Перевод Александра Шапиро
Так начинается стихотворение, которое замечательный поэт, нобелевский лауреат Уильям Батлер Йейтс посвятил Дороти Уэлсли. В этом отрывке Йейтс дважды упоминает собак. Первый раз он это делает метафорично – псы горизонта это, конечно же, созвездия Большой и Малый Пес (Canis Major и CanisMinor). Они находятся возле горизонта и хорошо известно, что слово «каникулы» происходит от латинского слова canis, поскольку каникулы начинались, когда над горизонтом всходил Сириус – альфа Большого Пса. Второй раз речь идет о доге самой Дороти Уэлсли. Вот так они выглядели:
На момент написания стихотворения Йейтсу было за семьдесят, Дороти – сорок пять, и они были близкими друзьями, возможно соавторами и, вероятно, любовниками. Надо отметить, что сексуальная активность пожилого поэта вызывает восхищение.

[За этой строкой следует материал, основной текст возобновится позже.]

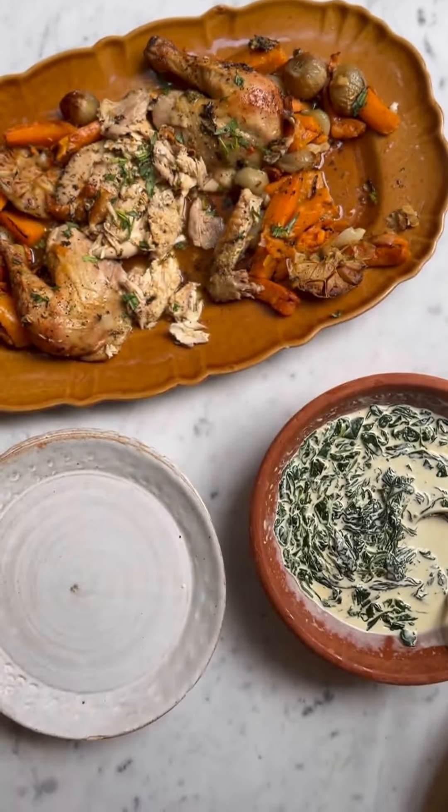Delicious, I love it! What I'm going to do now is carve up the chicken, pop it on my warmed dish with all the vegetables, and then serve up the creamed spinach which cooked for about 10 minutes. Friday night supper is pretty perfect.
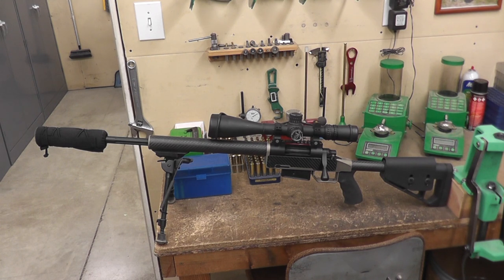We topped it with a Nightforce 5.5 to 22 by 50 NXS. While this scope weighs a little bit, it allows me to leave my tripod and spotting scope at home in most cases. We've got an adjustable cheek piece, and when we put the chassis kit together it is adjustable for length and cant when you initially assemble it. You can cut down the tube length for length of pull, adjust some cant, and after assembly the cheek piece remains adjustable. We use an AR-15 grip — our go-to is the Ergo grip.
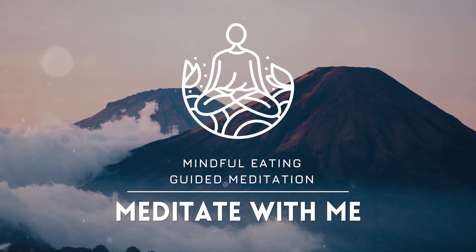To be mindful is to offer our complete presence, our full awareness. When we bring mindfulness to our eating, we eat in complete awareness, with our complete presence. The process of mindful eating begins even before we start eating — it begins when we look at food.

За пару лет до знакомства с Дороти Уэлсли у поэта была неудачная интрижка с Марго Реддок
А сразу после нее у Йейтса случилась любовная история с Этель Мэннин.
В чем же причина подобной прыти в семьдесят? По словам самого Йейтса, он пережил вторую юность после простейшей операции по омоложению, которую ему сделали в 69 лет, в 1934 году.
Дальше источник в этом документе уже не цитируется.